In poche parole, la società civile si configura come quel territorio di scontro e di incontro tra gli individui (o famiglie intese come unità) in cui si creano gli equilibri socio-economici e giuridico-amministrativi di un determinato stato, lo stesso stato che dovrebbe essere in grado di unificare le esigenze personali dei singoli e un giusto rapporto di questi con gli altri sotto uno sguardo unitario.

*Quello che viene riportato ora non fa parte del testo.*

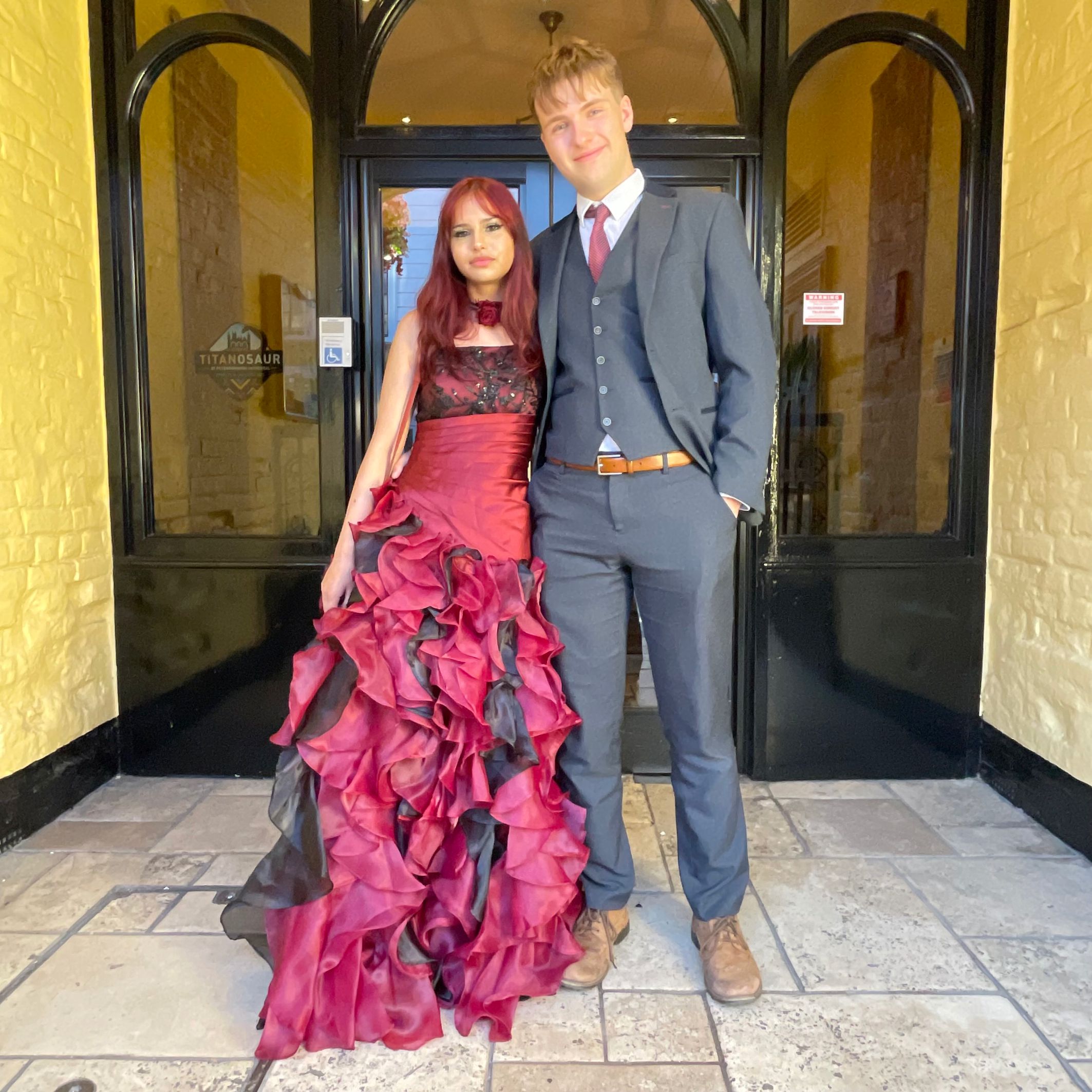 BA Sixth Form Prom 2026 Square 6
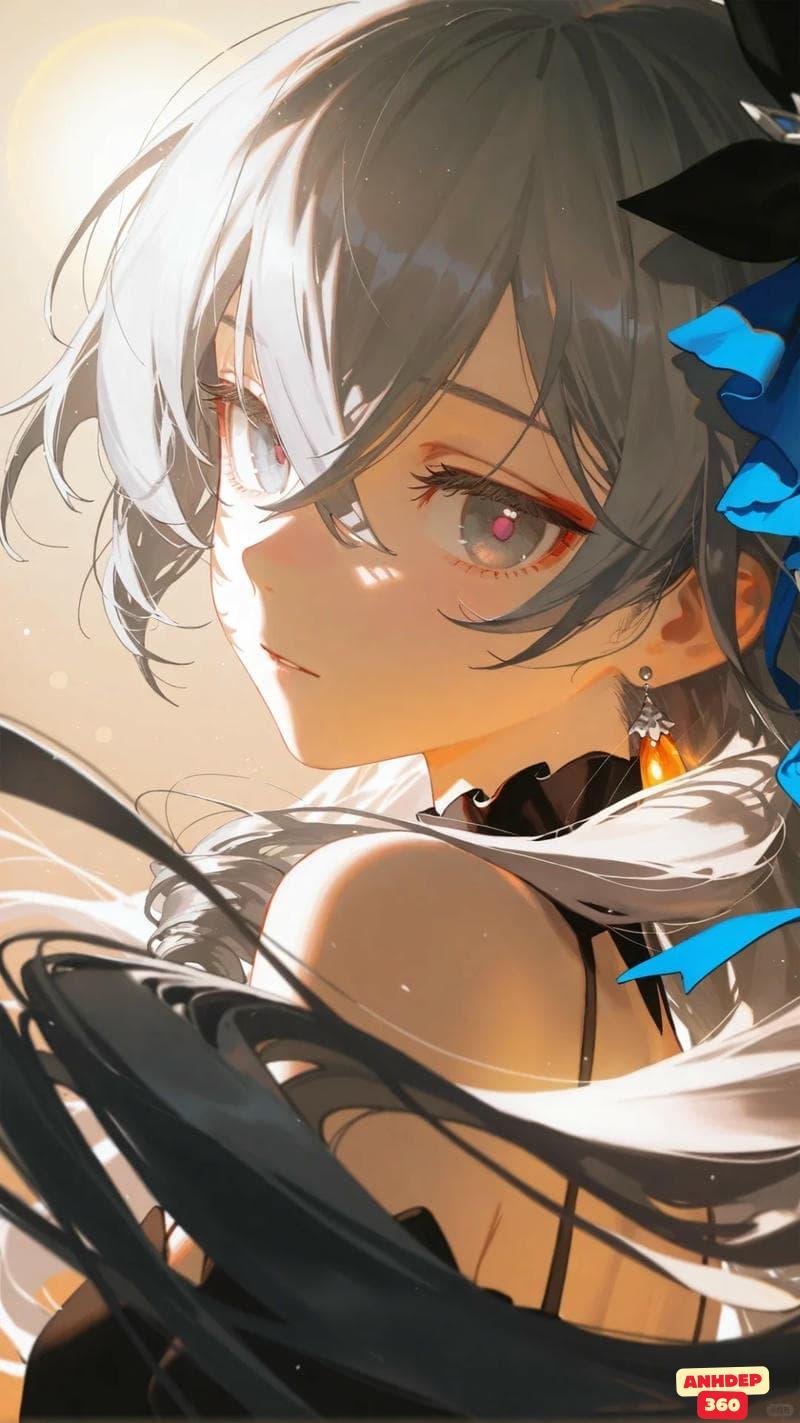 Tạo hình Bronya Zaychik độc quyền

Senza soffermarsi su ciò che praticamente si distacca dalla teoria, facilmente è inquadrabile quello che ci si aspetta da un uomo politico, ovvero che abbia un’intima conoscenza delle necessità dei singoli e altrettanto anche riguardo la massa e le relazioni che intercorrono tra individui e collettivi.
Basta guardarsi intorno per capire, purtroppo, che le cose non stanno così. La società civile è caduta nell’idiosincrasia di se stessa, è diventata territorio di soli scontri; scontri che le forze politiche dovrebbero saper equilibrare. Essa si è lanciata giù nel baratro delle insensatezze, nella calca di chi non sa cosa fare, di chi cerca ma non sa trovare una via d’uscita.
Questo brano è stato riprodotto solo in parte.